We evaluate our model for the 1% and 10% ImageNet linear evaluation. Unlike other methods, we only train a single linear layer on top of the frozen backbone. We observe that our method is better than other state-of-the-art methods given similar computational budgets. * is compressed from ResNet-50x4
For every 10 epoch of ResNet-18, we evaluate both teacher and student models for BYOL, MoCo, and ISD methods using nearest neighbor. For all methods, the teacher performs usually better than the student in the initial epochs when the learning rate is small and then is very close to the student when learning rate shrinks. Interestingly, the teacher performs better than the student before shrinking the learning rate. Most previous works use the student as the final model which seems to be sub-ptimal. We believe this is due to ensembling effect similar to .

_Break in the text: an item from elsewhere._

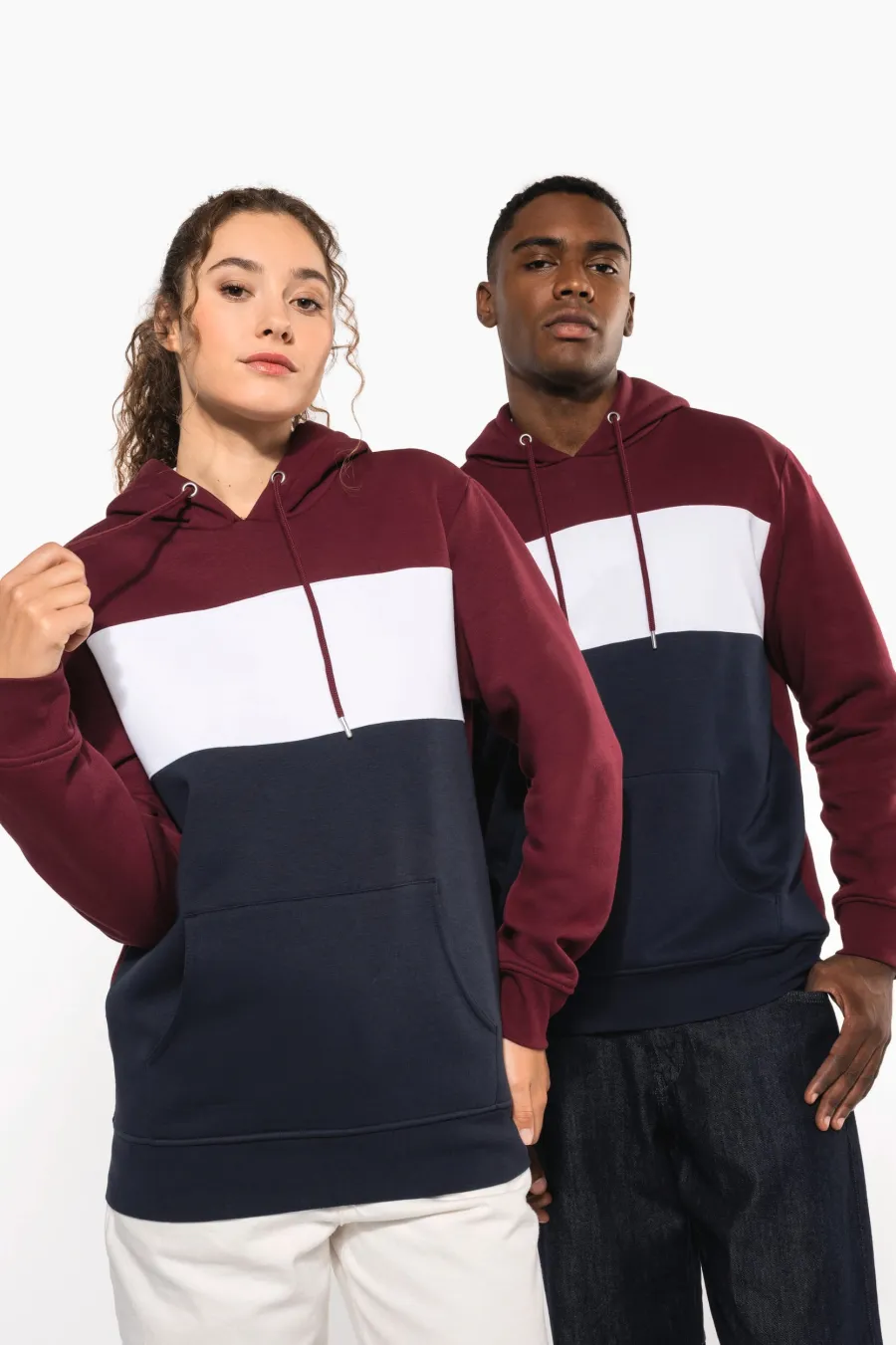 Sweat-shirt tricolore à capuche unisexe — Kariban personnalisable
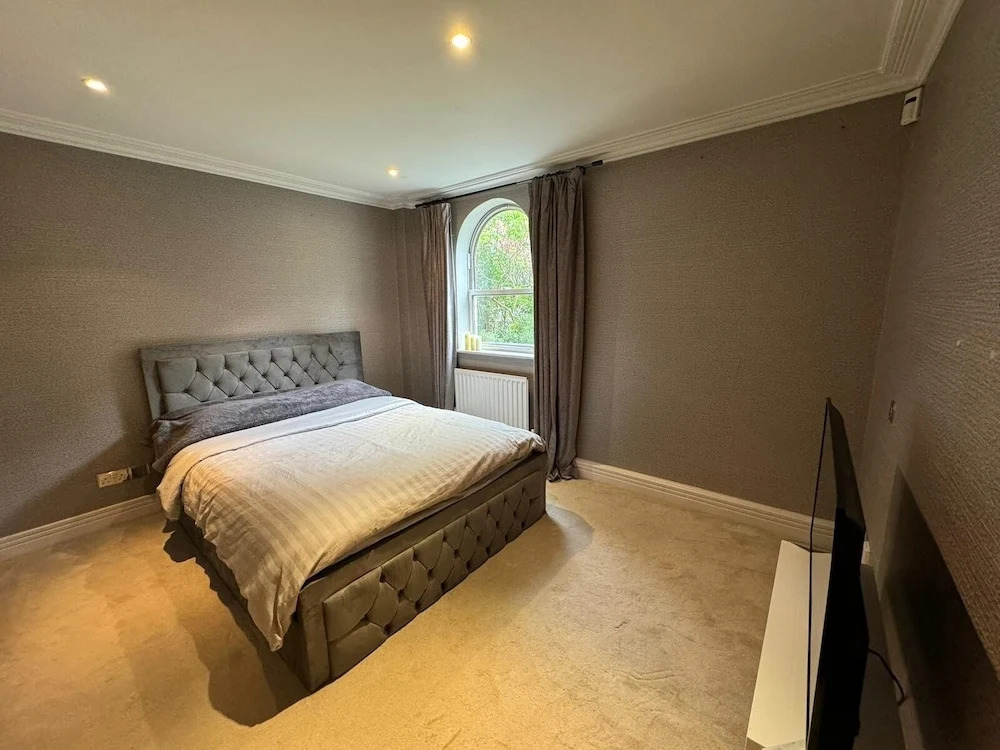 Luxury Apartment In London - Pool Spa & Gym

To study our method on unbalanced data, we design a controlled setting to introduce the unbalanced data in the SSL training only and factor out its effect in the feature evaluation step. Hence, we subsample ImageNet data with 38 random categories where 8 categories are large (use all almost 1300 images per category) and 30 categories are small (use only 100 images per category.) We train our SSL method and then evaluate by nearest neighbor (NN) classifier on the balanced validation data. To make sure that the feature evaluation is not affected by the unbalanced data, we keep both evaluation and the training data of NN search balanced, so for NN search, we use all ImageNet training images (almost 1300 x 38 images) for those 38 categories. We repeat the sampling of 38 categories 10 times to come up with 10 datasets. ``Diff'' shows the improvement of our method over MoCo. Interestingly the improvement is bigger in the rare categories. This is aligned with out hypothesis that our method can handle unbalanced, unlabeled data better since it does not consider all negative images equally negative.
We cluster ImageNet dataset into 1000 clusters using k-means and show random samples from random clusters. Each row corresponds to a cluster. Note that semantically similar images are clustered together.